Billet : La grande histoire et les autres
Par Alain Kaminski
La Journée Nationale des Victimes de la Déportation se déroule chaque année le dernier dimanche du mois d’avril, une date retenue en raison de sa proximité avec la date anniversaire de la libération de la plupart des camps. Aussi parce qu’elle ne pouvait se confondre avec aucune autre célébration nationale existante.
Bien que le dernier dimanche d’avril soit toujours proche de la date de mon anniversaire, tombant parfois le même jour, je ne manquais jamais d’être aux côtés de mon père lors de ces cérémonies de commémoration où il retrouvait souvent ses camarades de misère qu’il fréquentait régulièrement depuis la libération des camps, au sein d’une association d’anciens déportés.
A l’issue de l’une d’elles, je raccompagnais mon père chez lui et au bout de quelques minutes, nous nous fîmes arrêtés par un fonctionnaire de police qui avait relevé que mon vieux père n’avait pas attaché sa ceinture de sécurité. Effectivement, mon père ne l’attachait jamais mais cette fois-ci il s’entendit formuler : « Monsieur, vous n’avez pas attaché votre ceinture de sécurité, je vais me voir contraint de vous verbaliser. Pourriez-vous me présenter vos papiers d’identité, s’il vous plaît » ?

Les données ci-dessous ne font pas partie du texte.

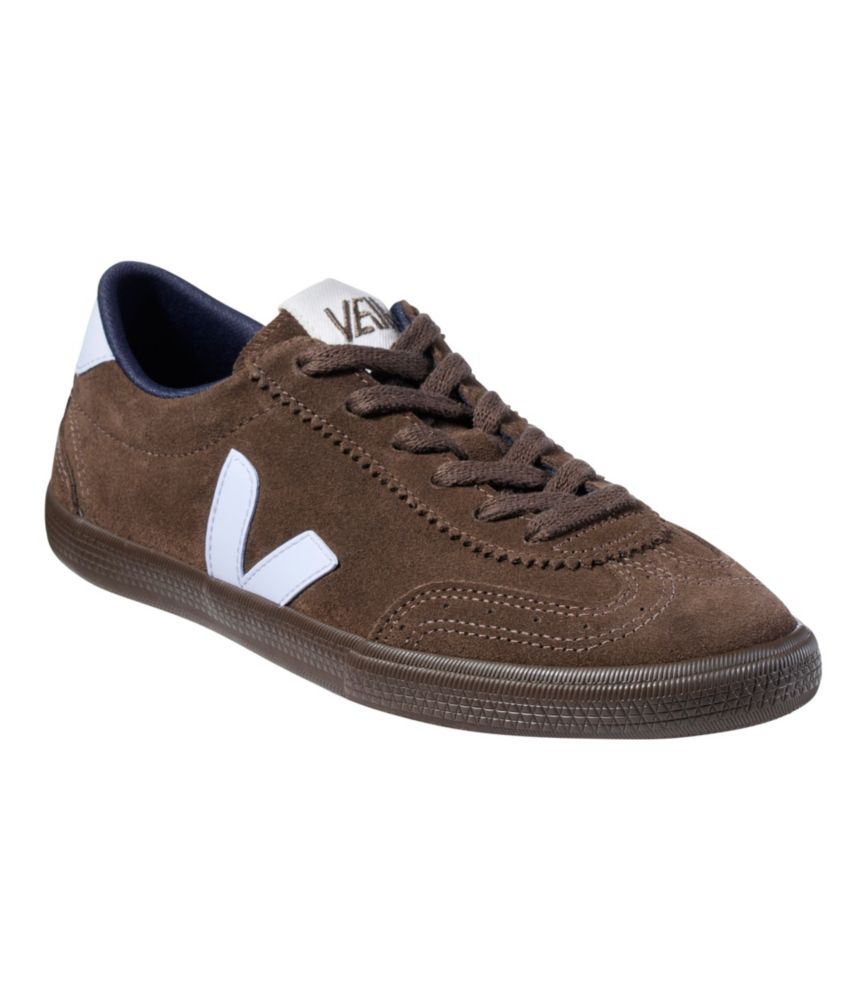 Women's Veja Volley Sneakers, Suede - US 1559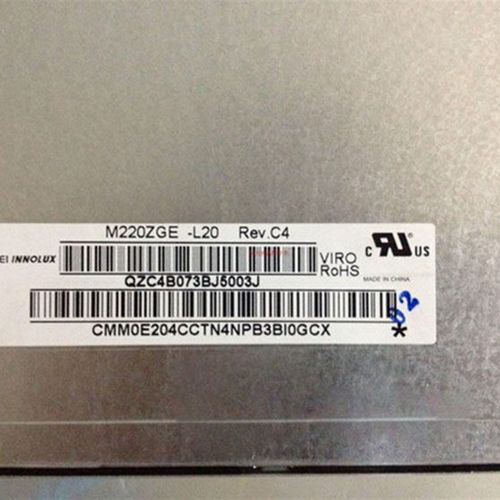 原装M220ZGE-L20液晶屏工业显示屏出货前提供测试视频,价格商谈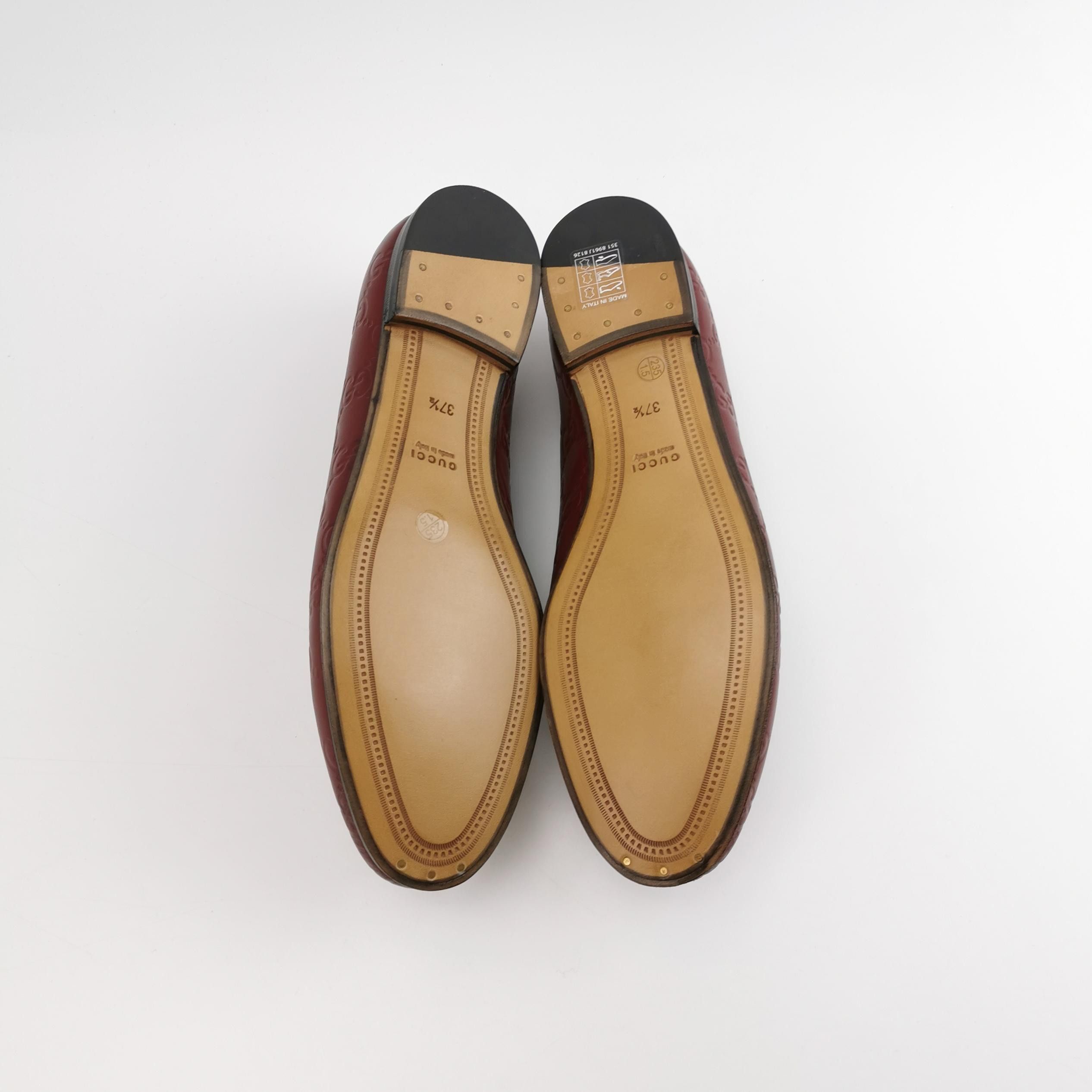 Gucci Gucci Women 7 Flats Size US 7 / IT 37 - 5 Thumbnail
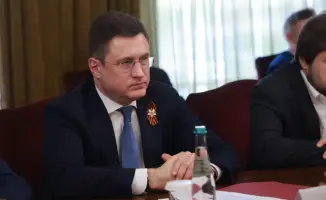 Встречи Ерлана Аккенженова с российскими чиновниками по вопросам энергетического сотрудничества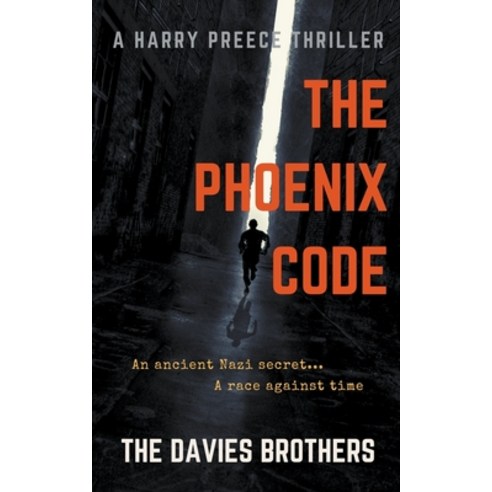 (영문도서) The Phoenix Code Paperback, GNP Press, English, 9798201622947
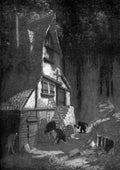 Sidney H Sime Page 21 Fairy Art A4 Photo Print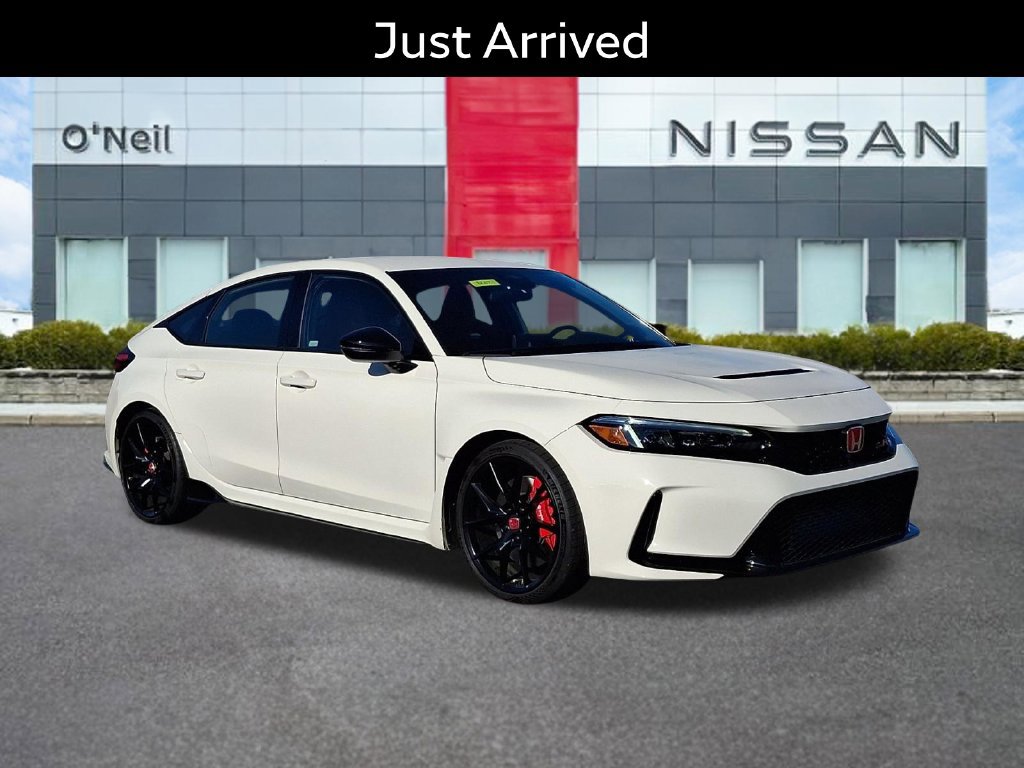 Used 2025 Honda Civic Type R image 1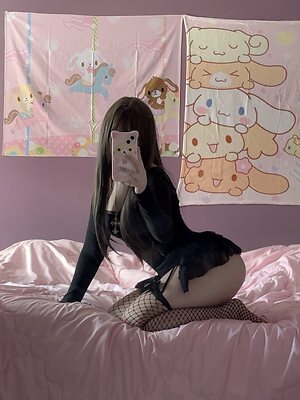 Dollfault Nude Leaked Photo #31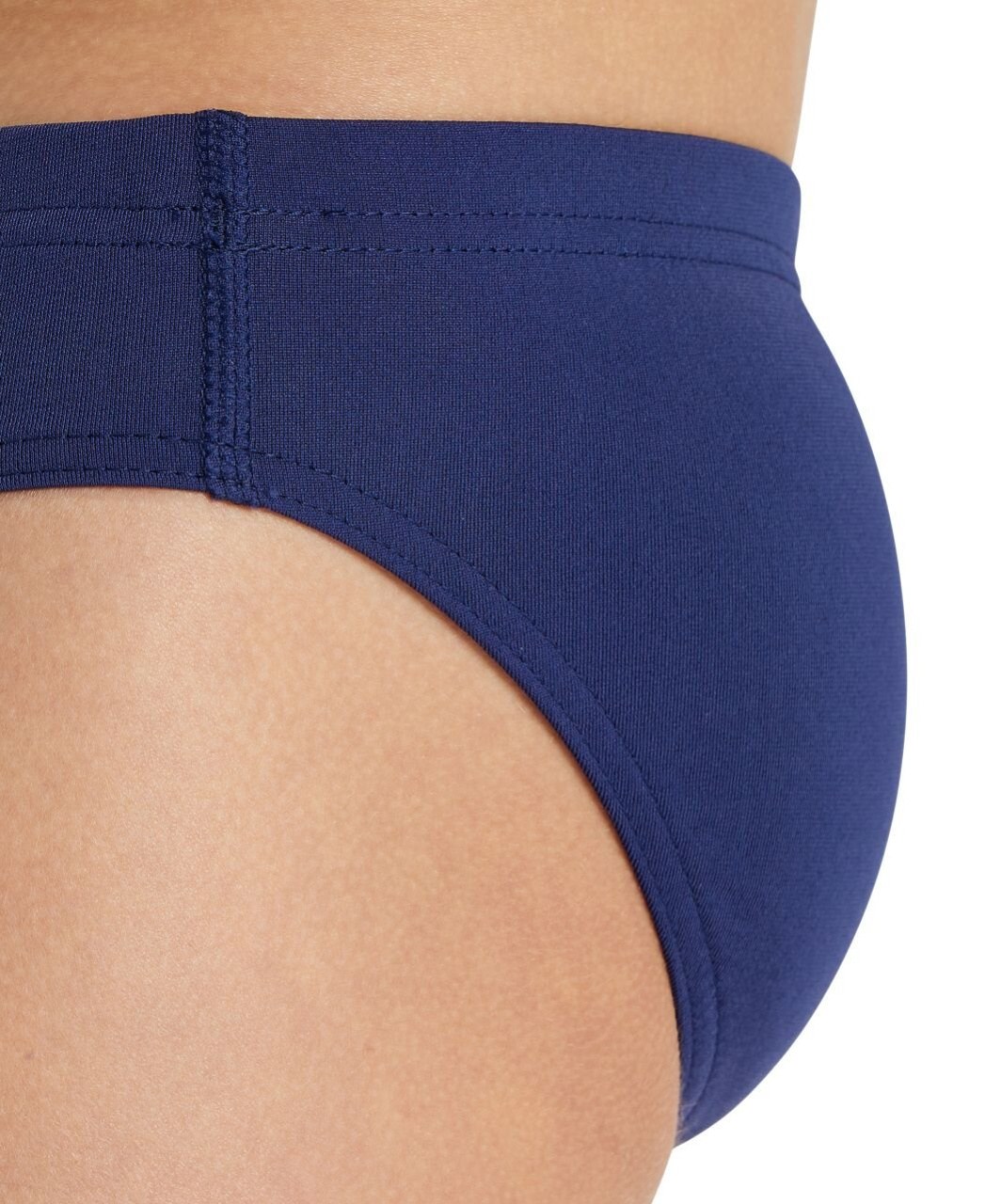 Badehose Jungen Arena Solid brief junior navy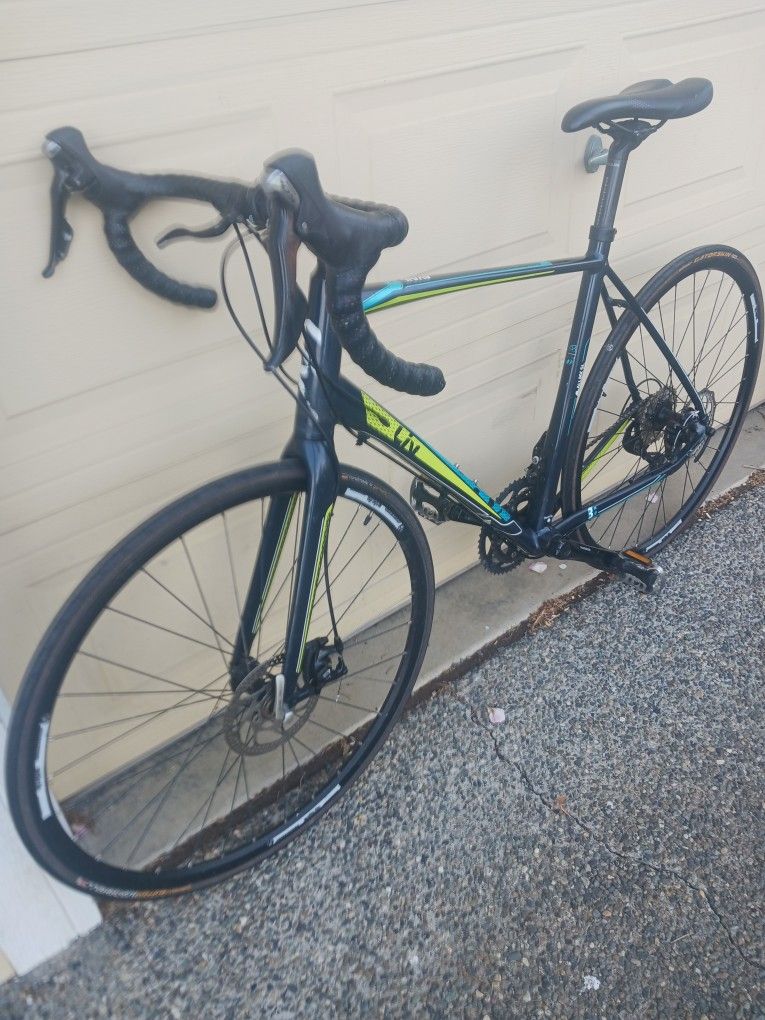 Road Bike Disc Brakes Liv 54cm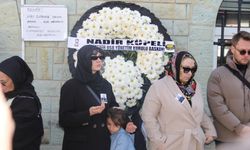 Ünlü oyuncu Burcu Özberk’in dedesi Eskişehir’de son yolculuğuna uğurlandı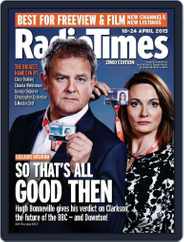 Radio Times (Digital) Subscription                    April 14th, 2015 Issue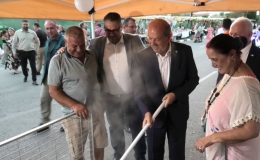 Arkın Group Girne Fest 23, Ozanköy Pekmez Festivali ile başladı
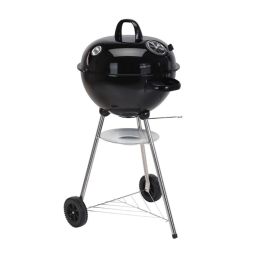 Barbacoa esferica ø 47 x 90 cm, negra Precio: 119.50000051. SKU: B1H44W6VHH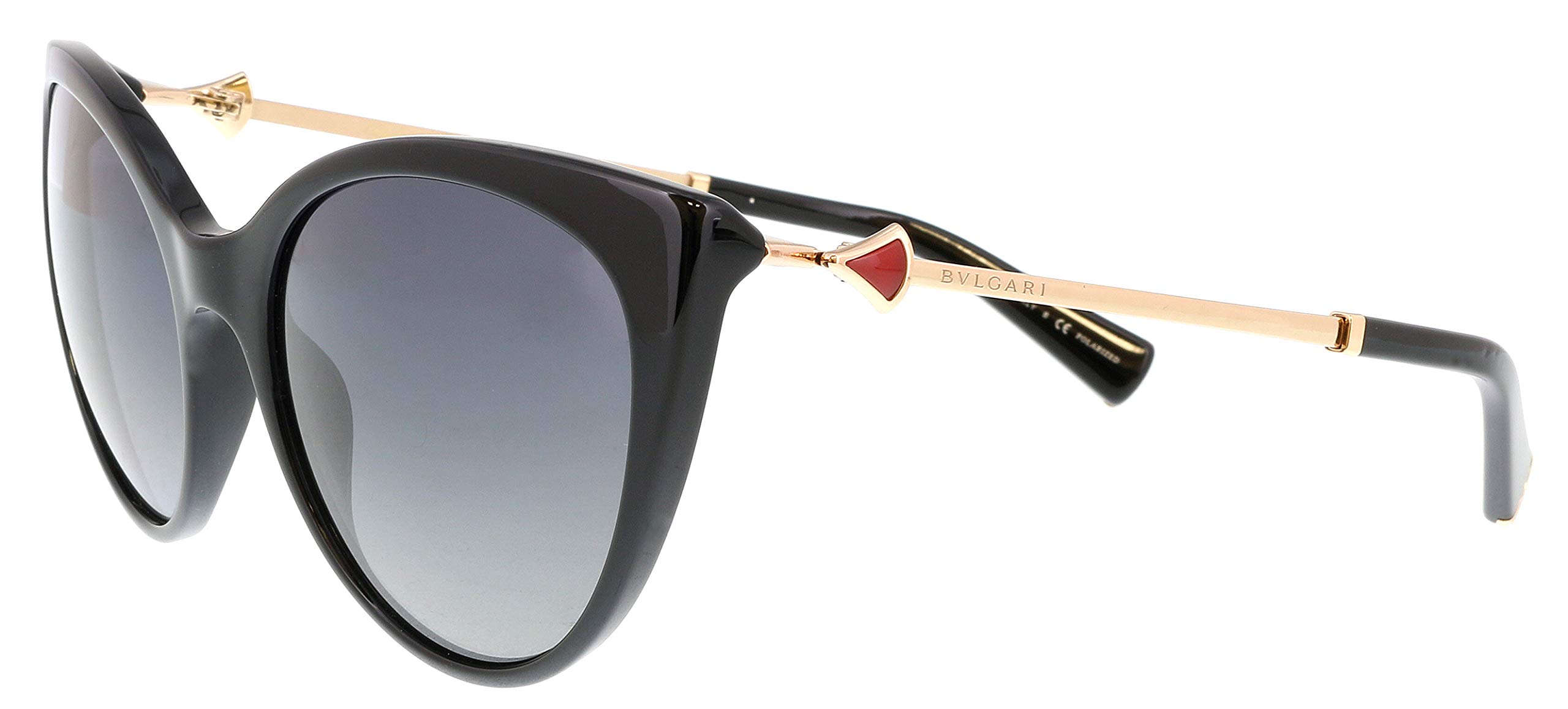 Sunglasses Bvlgari BV 8195 KB 5195T3 Black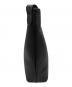 CLASKA (クラスカ) SIMPLE LEATHER SHOULDER S ブラック：7000円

Belle syntaxe avant celle qui allait suivre car à cet instant mon père lui répondit : « Mais Méssier l’agent, jé né lé pas attaché parcé qué jé manque du souffle, j’ai la lettre du médecin de la Commission de la Réforme qui dit qué j’ai avalé la poussière dans le camp, qué jé suis révénu du camp avec les bronches rongées par la poussière et qu’elles ont provoqué ine insiffisance respiratoire dé 44%. Voilà jé vous montre ma carte du grand invalide de guerre, ma carte du déporté, ma carte du handucapé, ma carte de la station debout pénible, ma carte de double barre qui dit que jé suis invalide à 100% pliss 24 dégrés, je suis à la fois un grande invalide et un grande handucapé ».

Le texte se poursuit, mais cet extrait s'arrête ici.